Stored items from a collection
____

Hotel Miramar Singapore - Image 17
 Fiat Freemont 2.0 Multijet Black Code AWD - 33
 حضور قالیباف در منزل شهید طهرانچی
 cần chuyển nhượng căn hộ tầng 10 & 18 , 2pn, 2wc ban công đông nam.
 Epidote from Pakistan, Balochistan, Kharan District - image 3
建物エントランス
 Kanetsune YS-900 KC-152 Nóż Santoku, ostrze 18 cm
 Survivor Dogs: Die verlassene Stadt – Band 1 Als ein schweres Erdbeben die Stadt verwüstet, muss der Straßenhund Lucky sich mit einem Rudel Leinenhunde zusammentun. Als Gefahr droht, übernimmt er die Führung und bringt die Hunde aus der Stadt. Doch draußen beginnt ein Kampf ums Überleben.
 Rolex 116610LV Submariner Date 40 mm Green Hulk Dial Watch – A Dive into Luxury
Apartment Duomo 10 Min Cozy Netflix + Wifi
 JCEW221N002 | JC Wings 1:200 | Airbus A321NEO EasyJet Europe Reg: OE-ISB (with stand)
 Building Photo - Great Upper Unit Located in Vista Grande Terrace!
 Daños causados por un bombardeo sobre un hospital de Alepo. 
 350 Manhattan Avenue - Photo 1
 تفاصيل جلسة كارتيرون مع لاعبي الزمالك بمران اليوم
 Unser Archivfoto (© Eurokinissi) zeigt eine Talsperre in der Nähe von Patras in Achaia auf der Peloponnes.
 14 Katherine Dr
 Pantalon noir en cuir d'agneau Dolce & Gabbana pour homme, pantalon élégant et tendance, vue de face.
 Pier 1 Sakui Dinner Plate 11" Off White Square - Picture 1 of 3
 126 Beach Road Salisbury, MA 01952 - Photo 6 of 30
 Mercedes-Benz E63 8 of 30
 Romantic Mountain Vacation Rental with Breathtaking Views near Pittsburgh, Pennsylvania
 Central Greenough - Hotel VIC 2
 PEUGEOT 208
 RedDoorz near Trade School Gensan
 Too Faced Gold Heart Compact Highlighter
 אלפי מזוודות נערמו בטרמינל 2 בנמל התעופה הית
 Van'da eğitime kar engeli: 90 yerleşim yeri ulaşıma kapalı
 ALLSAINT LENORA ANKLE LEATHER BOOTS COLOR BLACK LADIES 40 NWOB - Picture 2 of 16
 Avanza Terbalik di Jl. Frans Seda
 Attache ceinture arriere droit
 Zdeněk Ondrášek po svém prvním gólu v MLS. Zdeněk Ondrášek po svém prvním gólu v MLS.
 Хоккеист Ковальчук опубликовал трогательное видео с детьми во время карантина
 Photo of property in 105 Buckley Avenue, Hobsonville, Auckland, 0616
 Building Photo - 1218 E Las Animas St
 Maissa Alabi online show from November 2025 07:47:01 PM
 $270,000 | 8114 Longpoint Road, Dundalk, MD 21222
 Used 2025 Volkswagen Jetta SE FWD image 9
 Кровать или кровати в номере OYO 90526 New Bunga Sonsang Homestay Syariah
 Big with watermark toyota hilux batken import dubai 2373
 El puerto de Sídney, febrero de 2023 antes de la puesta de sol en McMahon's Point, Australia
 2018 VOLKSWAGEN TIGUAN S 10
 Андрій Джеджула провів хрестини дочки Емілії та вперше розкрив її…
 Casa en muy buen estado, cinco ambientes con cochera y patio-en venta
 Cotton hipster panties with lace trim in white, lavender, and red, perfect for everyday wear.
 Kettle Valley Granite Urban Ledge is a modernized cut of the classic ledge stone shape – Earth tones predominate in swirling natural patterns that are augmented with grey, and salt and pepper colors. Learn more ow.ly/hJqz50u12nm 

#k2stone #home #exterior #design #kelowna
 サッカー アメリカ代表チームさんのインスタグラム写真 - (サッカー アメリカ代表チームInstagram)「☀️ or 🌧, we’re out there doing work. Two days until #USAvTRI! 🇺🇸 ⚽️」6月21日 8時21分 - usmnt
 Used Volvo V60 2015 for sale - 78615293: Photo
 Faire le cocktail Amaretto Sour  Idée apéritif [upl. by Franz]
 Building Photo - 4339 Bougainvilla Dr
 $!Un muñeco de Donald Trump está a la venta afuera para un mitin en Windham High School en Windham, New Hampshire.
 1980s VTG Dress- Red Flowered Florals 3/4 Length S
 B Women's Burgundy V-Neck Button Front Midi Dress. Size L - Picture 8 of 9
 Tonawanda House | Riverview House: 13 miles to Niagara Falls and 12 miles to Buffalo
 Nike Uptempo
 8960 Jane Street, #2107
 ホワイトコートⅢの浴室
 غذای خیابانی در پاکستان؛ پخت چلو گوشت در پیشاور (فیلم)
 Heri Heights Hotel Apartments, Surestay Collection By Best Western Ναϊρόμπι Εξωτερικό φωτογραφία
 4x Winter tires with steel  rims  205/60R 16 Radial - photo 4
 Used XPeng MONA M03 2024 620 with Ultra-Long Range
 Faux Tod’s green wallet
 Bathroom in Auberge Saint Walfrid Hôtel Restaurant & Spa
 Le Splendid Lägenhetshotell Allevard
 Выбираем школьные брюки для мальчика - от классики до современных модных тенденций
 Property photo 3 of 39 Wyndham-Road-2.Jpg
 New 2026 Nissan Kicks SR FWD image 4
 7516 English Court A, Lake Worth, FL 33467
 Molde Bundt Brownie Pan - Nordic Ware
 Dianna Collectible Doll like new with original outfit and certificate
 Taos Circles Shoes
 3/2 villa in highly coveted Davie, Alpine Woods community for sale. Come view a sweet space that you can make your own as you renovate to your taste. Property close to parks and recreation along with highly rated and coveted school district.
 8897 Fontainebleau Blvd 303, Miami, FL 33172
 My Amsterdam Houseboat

____

» **WHAT IS NEEDED**:
Starting at the line above that contains "ALLSAINT LENORA ANKLE", write out each line exactly until the line that contains "Кровать или кровати" has been written, and stop there.

» **WRITTEN SOLUTION**:
 ALLSAINT LENORA ANKLE LEATHER BOOTS COLOR BLACK LADIES 40 NWOB - Picture 2 of 16
 Avanza Terbalik di Jl. Frans Seda
 Attache ceinture arriere droit
 Zdeněk Ondrášek po svém prvním gólu v MLS. Zdeněk Ondrášek po svém prvním gólu v MLS.
 Хоккеист Ковальчук опубликовал трогательное видео с детьми во время карантина
 Photo of property in 105 Buckley Avenue, Hobsonville, Auckland, 0616
 Building Photo - 1218 E Las Animas St
 Maissa Alabi online show from November 2025 07:47:01 PM
 $270,000 | 8114 Longpoint Road, Dundalk, MD 21222
 Used 2025 Volkswagen Jetta SE FWD image 9
 Кровать или кровати в номере OYO 90526 New Bunga Sonsang Homestay Syariah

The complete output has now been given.